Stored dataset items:
----------
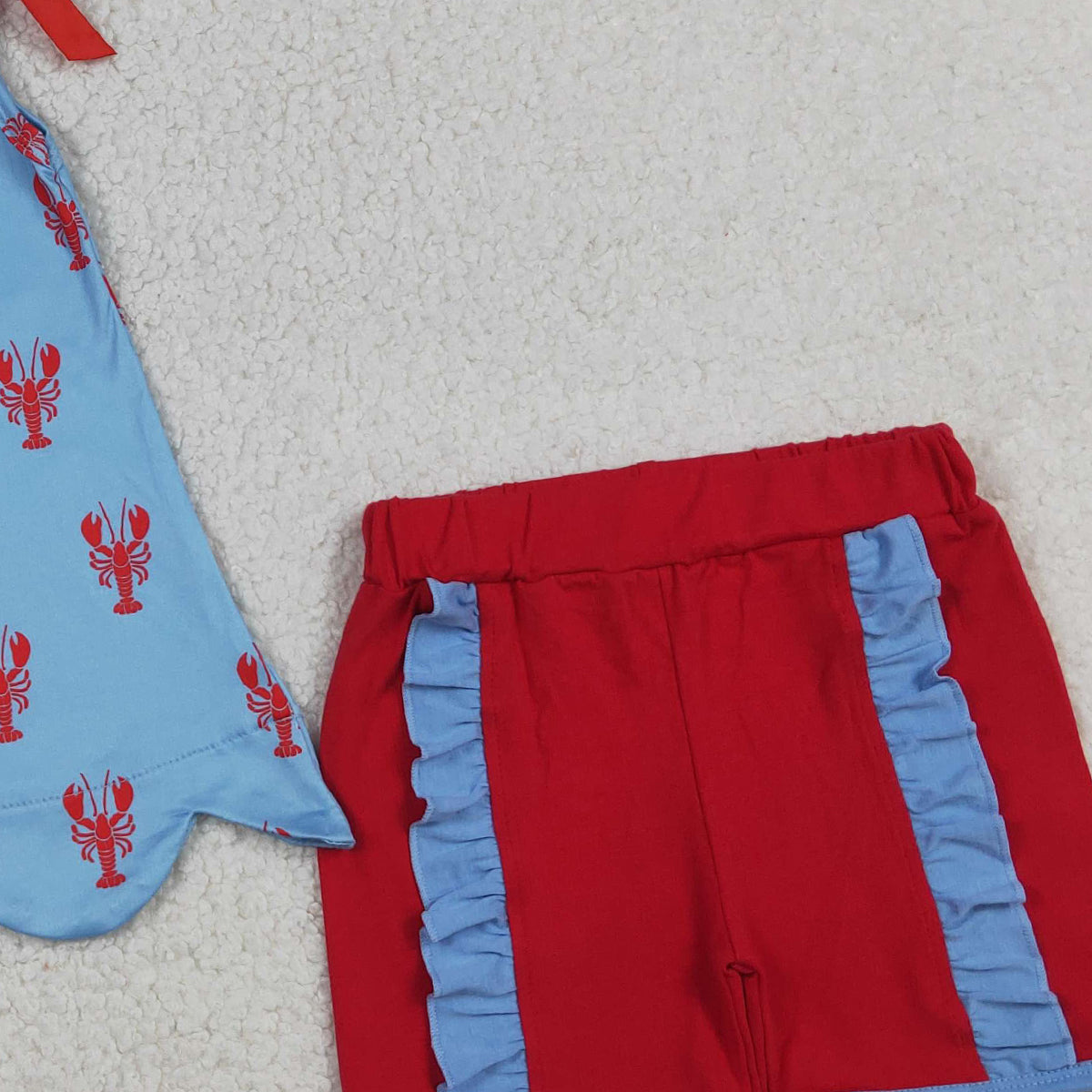 RTS NO MOQ GSSO3050 Baby Girls Sleeveless Crayfishes Scallop Tunic Ruffle Shorts Outfit Set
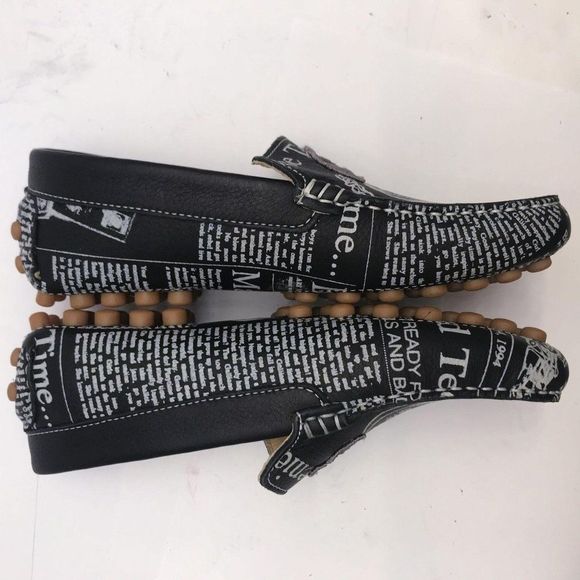 NEW Dior by John Galliano Newspaper Print Driving Loafers Size 3.5 US, 3… - Picture 14 of 16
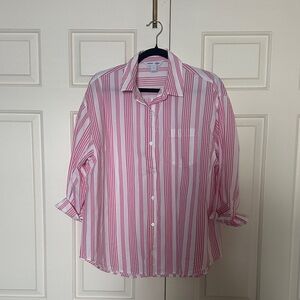Women’s Old Navy Pink and White Striped Boyfriend Shirt. Size S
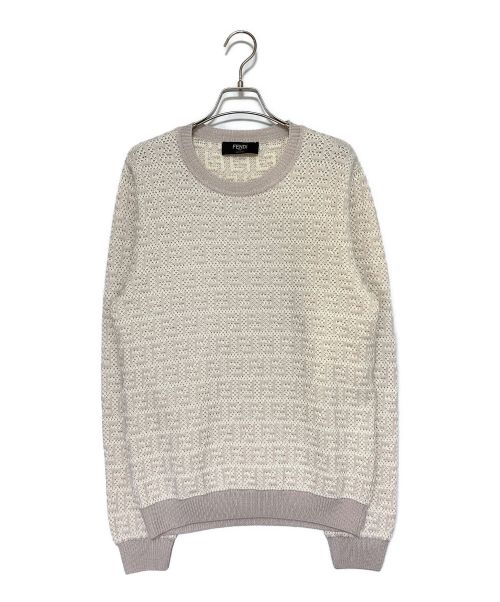 FENDI（フェンディ）FENDI (フェンディ) FF総柄ニット ライトピンク サイズ:44の古着・服飾アイテム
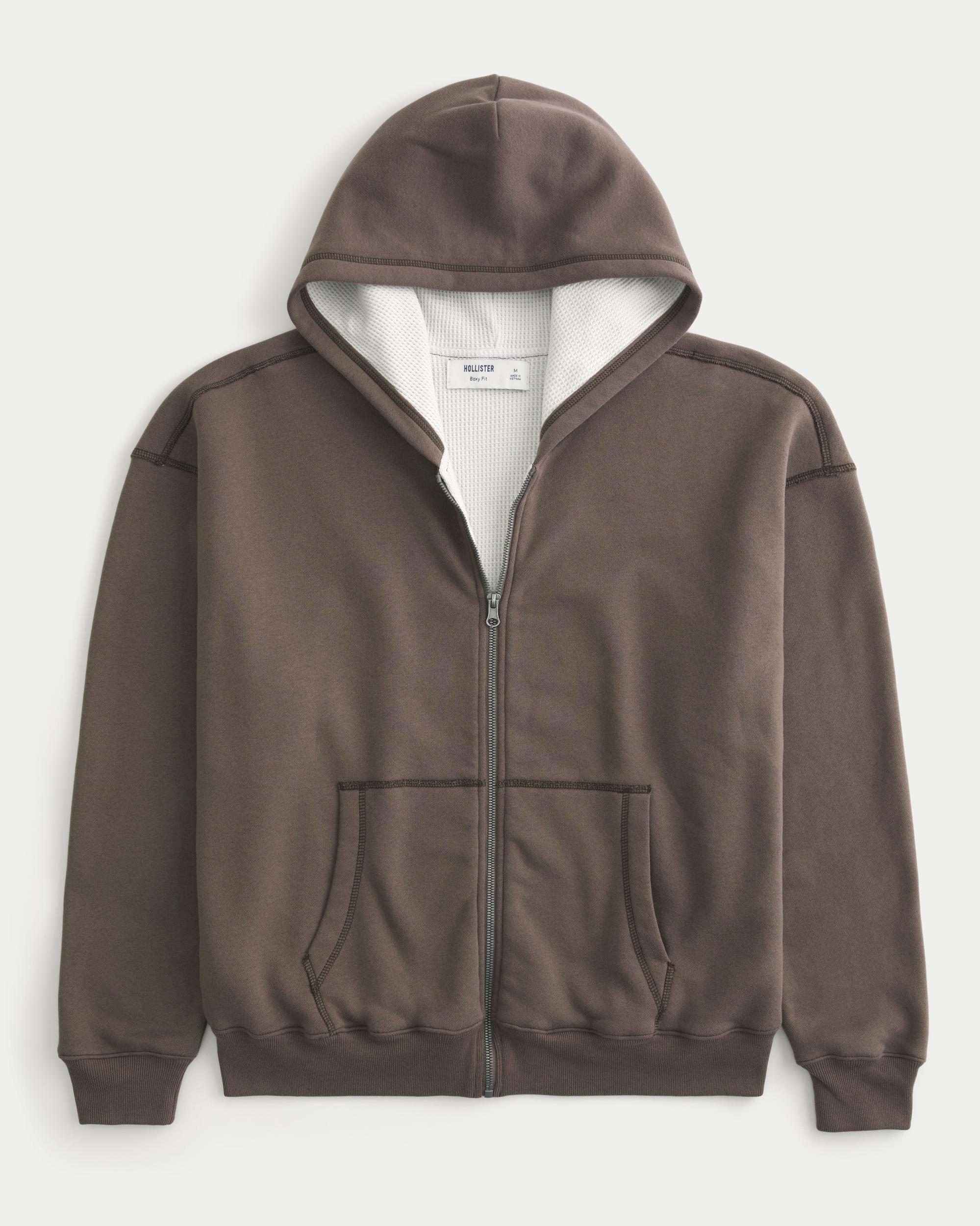 Boxy Waffle-Lined Zip-Up Hoodie Product Image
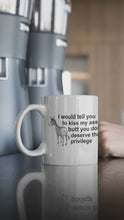 Load and play video in Gallery viewer, Kiss My Ass Sarcastic White glossy mug (Right hand)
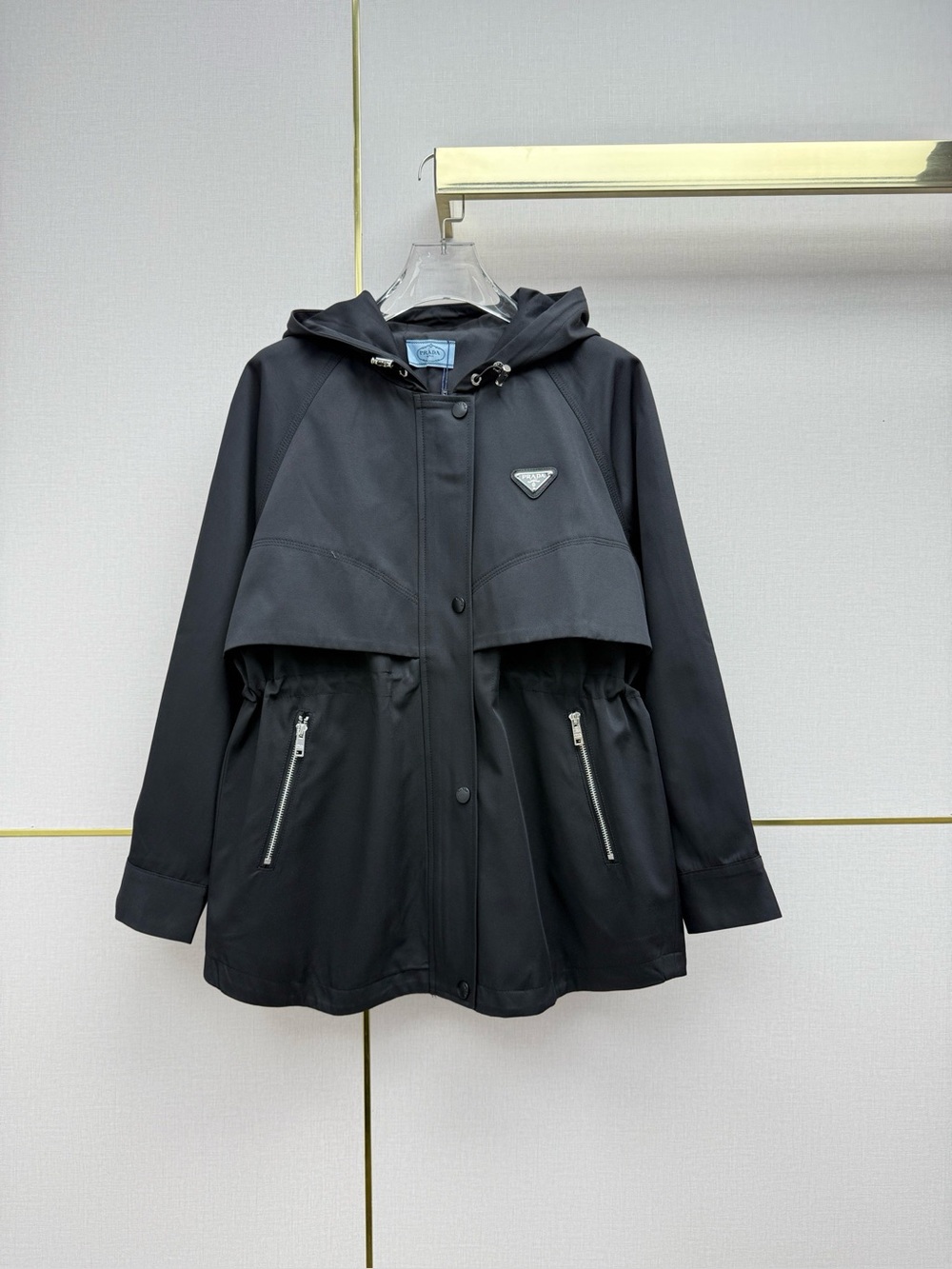 Prada Black Hooded Drawstring Waist Parka Jacket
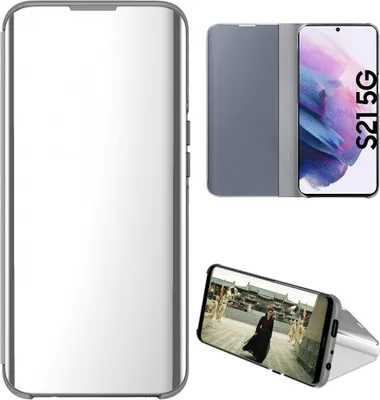 Image de Etui pour Samsung Galaxy S21 5G transparent, cuir PU, avec fonction stand Argent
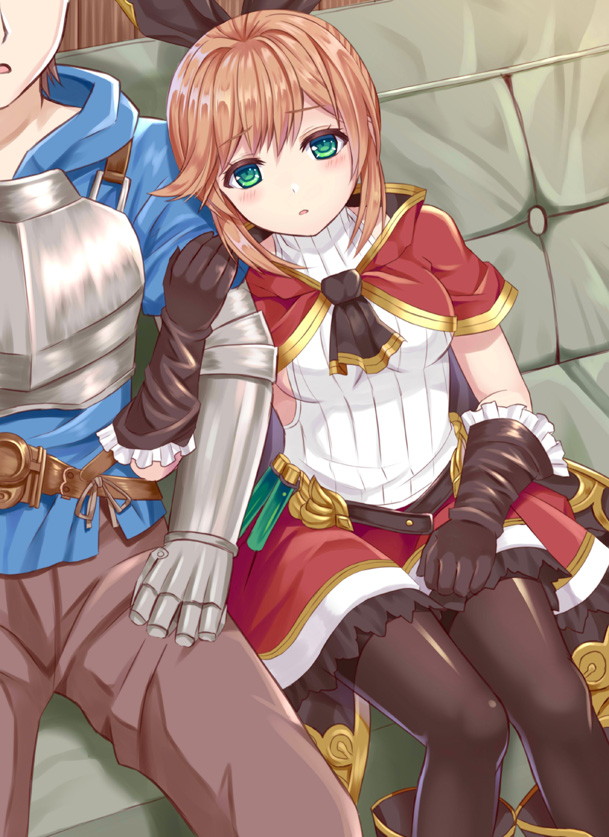 1boy 1girl arm_hug bangs black_bow black_footwear black_gloves black_legwear blue_shirt blush boots bow breasts brown_hair brown_pants cape character_request clarisse_(granblue_fantasy) commentary_request couch elbow_gloves eyebrows_visible_through_hair gauntlets gloves granblue_fantasy green_eyes hair_bow hood hood_down long_sleeves medium_breasts on_couch pants pantyhose parted_lips red_cape red_skirt ribbed_shirt shirt short_hair sidelocks sitting skirt solo_focus thighband_pantyhose tsukino_neru white_shirt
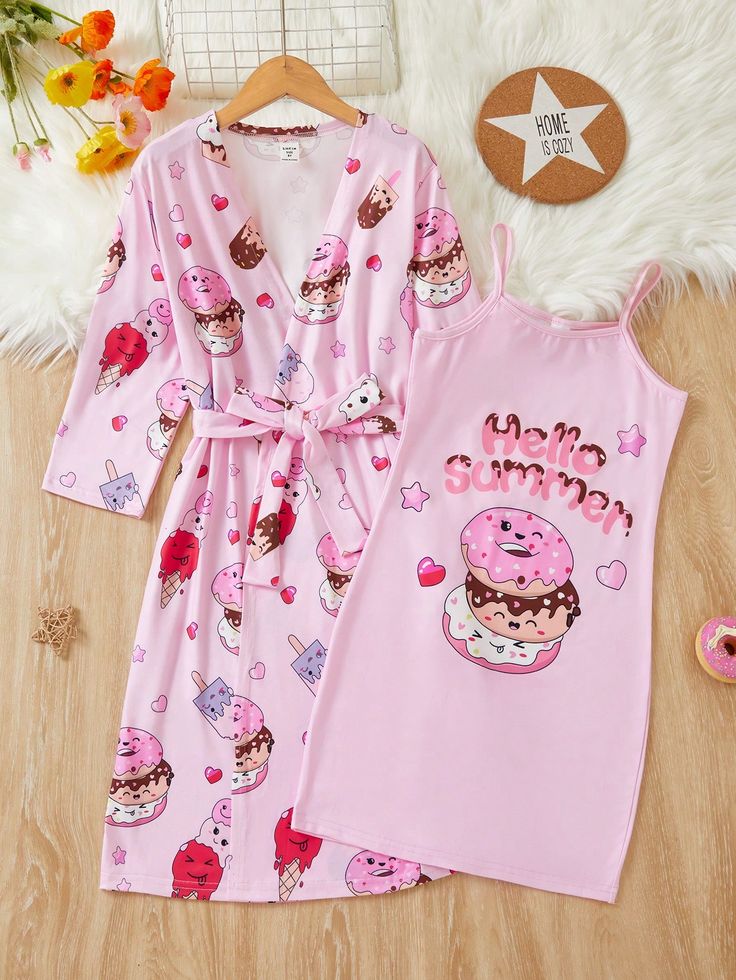  Sleep Dress Set With Long Sleeve Robe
----------
Reproduce all of the data exactly, omitting each picture it holds.

 RTS NO MOQ GSSO3050 Baby Girls Sleeveless Crayfishes Scallop Tunic Ruffle Shorts Outfit Set
 NEW Dior by John Galliano Newspaper Print Driving Loafers Size 3.5 US, 3… - Picture 14 of 16
Women’s Old Navy Pink and White Striped Boyfriend Shirt. Size S
 FENDI（フェンディ）FENDI (フェンディ) FF総柄ニット ライトピンク サイズ:44の古着・服飾アイテム
 Boxy Waffle-Lined Zip-Up Hoodie Product Image
 Load and play video in Gallery viewer, Kiss My Ass Sarcastic White glossy mug (Right hand)
 Prada Black Hooded Drawstring Waist Parka Jacket
 Image de Etui pour Samsung Galaxy S21 5G transparent, cuir PU, avec fonction stand Argent
 1boy 1girl arm_hug bangs black_bow black_footwear black_gloves black_legwear blue_shirt blush boots bow breasts brown_hair brown_pants cape character_request clarisse_(granblue_fantasy) commentary_request couch elbow_gloves eyebrows_visible_through_hair gauntlets gloves granblue_fantasy green_eyes hair_bow hood hood_down long_sleeves medium_breasts on_couch pants pantyhose parted_lips red_cape red_skirt ribbed_shirt shirt short_hair sidelocks sitting skirt solo_focus thighband_pantyhose tsukino_neru white_shirt
  Sleep Dress Set With Long Sleeve Robe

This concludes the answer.